I have read through Juliette’s introduction and gave it some thought. I
have several issues to raise. To me, the fundamental shift was away from
the object towards the experience. When digital art first emerged, it
brought with it a new tool set and associated technology. I define the
changes to the creative process as revolutionary and evolutionary.
Evolutionary changes would be digital video editing, digital printmaking
and digital sculpture. Revolutionary change examples include interactive
work, Web-based art and locative art. Not all curators agree with this.
Some say that a print, even though made digitally now, is still a print.

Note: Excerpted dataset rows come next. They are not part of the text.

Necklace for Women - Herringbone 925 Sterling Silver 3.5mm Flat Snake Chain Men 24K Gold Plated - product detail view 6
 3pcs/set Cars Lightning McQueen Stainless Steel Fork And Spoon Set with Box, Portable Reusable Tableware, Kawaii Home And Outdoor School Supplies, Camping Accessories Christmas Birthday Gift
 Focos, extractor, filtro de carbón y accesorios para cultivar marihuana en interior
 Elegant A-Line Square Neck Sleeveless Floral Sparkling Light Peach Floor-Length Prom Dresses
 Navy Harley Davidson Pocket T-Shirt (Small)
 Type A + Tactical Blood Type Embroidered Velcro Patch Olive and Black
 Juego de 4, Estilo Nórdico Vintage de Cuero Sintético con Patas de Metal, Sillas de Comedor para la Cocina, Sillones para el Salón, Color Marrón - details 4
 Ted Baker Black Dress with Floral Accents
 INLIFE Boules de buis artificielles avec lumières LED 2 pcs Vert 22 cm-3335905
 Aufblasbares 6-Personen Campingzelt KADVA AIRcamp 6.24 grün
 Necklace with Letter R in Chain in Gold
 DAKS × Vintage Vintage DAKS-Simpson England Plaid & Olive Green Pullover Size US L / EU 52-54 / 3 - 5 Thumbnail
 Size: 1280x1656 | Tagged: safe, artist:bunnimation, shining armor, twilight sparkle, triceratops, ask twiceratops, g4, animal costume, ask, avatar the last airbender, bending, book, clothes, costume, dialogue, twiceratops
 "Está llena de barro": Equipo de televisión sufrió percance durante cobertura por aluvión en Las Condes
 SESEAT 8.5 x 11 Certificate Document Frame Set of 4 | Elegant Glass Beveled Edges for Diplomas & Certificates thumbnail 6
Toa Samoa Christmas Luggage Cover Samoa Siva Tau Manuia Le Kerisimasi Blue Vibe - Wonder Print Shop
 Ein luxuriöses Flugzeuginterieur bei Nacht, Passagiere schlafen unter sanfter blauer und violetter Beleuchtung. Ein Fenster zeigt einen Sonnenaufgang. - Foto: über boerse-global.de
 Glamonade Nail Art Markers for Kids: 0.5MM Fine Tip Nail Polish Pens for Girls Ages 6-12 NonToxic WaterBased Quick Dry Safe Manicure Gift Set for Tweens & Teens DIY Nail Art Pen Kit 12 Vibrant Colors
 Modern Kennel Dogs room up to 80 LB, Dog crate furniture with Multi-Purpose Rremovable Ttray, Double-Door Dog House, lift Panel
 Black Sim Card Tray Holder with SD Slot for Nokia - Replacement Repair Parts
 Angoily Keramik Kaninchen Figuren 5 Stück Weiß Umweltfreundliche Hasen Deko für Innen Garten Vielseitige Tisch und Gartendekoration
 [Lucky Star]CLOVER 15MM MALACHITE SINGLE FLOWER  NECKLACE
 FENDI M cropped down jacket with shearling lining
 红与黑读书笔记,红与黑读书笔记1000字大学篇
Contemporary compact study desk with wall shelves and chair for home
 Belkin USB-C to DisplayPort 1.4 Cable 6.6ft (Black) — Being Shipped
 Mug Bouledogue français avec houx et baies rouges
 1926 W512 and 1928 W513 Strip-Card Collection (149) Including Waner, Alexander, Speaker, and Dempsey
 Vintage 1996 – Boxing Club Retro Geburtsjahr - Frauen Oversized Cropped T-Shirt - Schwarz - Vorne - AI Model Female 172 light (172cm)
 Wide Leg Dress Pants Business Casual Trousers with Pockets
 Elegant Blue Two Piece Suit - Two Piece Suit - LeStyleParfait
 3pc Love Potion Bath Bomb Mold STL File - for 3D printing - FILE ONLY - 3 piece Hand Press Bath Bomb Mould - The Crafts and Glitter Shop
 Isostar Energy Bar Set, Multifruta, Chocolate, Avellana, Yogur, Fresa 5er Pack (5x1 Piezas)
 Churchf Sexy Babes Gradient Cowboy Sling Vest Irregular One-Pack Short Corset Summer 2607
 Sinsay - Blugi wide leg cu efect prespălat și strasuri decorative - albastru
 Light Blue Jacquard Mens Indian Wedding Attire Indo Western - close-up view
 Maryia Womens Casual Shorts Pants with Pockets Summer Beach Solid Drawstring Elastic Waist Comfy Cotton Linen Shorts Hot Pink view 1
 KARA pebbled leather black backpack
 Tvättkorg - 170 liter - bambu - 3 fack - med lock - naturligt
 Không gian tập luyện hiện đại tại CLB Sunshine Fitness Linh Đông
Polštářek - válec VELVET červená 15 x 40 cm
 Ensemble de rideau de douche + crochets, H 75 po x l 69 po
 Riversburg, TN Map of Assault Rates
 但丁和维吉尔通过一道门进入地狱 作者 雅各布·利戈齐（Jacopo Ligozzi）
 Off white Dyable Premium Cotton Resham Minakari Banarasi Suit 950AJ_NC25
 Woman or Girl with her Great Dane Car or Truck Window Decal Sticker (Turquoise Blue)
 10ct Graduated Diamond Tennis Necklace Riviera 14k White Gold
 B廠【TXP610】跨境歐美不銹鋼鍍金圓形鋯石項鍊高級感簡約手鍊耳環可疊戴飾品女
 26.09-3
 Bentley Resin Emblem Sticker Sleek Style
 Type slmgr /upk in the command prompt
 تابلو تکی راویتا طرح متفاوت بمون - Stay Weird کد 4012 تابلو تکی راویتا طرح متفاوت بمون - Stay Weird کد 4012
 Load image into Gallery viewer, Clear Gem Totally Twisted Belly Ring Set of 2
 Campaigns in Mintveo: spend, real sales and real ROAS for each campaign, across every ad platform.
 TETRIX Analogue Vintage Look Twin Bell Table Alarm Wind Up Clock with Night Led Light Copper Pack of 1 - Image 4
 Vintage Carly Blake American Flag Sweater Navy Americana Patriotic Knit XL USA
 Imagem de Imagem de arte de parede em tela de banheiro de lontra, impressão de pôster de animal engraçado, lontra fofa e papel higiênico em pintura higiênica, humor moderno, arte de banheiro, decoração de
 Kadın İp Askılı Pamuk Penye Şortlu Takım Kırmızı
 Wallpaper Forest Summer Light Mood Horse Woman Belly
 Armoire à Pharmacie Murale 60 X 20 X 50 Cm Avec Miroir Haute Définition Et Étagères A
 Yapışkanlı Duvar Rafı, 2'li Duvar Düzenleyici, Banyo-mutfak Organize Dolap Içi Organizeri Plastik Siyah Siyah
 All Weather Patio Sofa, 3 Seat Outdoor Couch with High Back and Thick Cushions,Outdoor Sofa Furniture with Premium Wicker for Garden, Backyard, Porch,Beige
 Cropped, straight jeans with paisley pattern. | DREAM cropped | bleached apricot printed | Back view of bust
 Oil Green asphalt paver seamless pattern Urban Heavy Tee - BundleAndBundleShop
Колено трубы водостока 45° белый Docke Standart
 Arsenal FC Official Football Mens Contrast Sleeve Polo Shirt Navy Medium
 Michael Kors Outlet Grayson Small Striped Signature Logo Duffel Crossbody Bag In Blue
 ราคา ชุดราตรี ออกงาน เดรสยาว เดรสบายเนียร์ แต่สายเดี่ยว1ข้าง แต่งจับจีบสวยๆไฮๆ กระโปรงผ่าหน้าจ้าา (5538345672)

They argue the same with sculpture. I totally disagree. Image making and
sculpture have been fundamentally altered through the use of new
technologies and the content has new potential. I thought Juliette raised
some good points about site-specific work. This brings documentation to the
forefront as a way to archive the work. This also ties in with the
expansion of the art space from museums, galleries and public art to new
and unique venues, i.e. Web-based work and locative art. I have curated the
New York Digital Salon and there are significant differences in how people
from different cultures and of multiple generations experience art. My
final argument is the blurring of the border between art and science. To
me, scientific visualization is not art unless the elements that compose
the artwork are created with an aesthetic intent. Just because scientific
visualization looks “cool” does not make it art. I kept this brief, but
those are some of my concerns. It is difficult to pin down an exact
definition of “process-based art” because it is in the process of defining
itself. For me, the fundamental issue is the contrast between the art
object and the aesthetic experience of this form of art.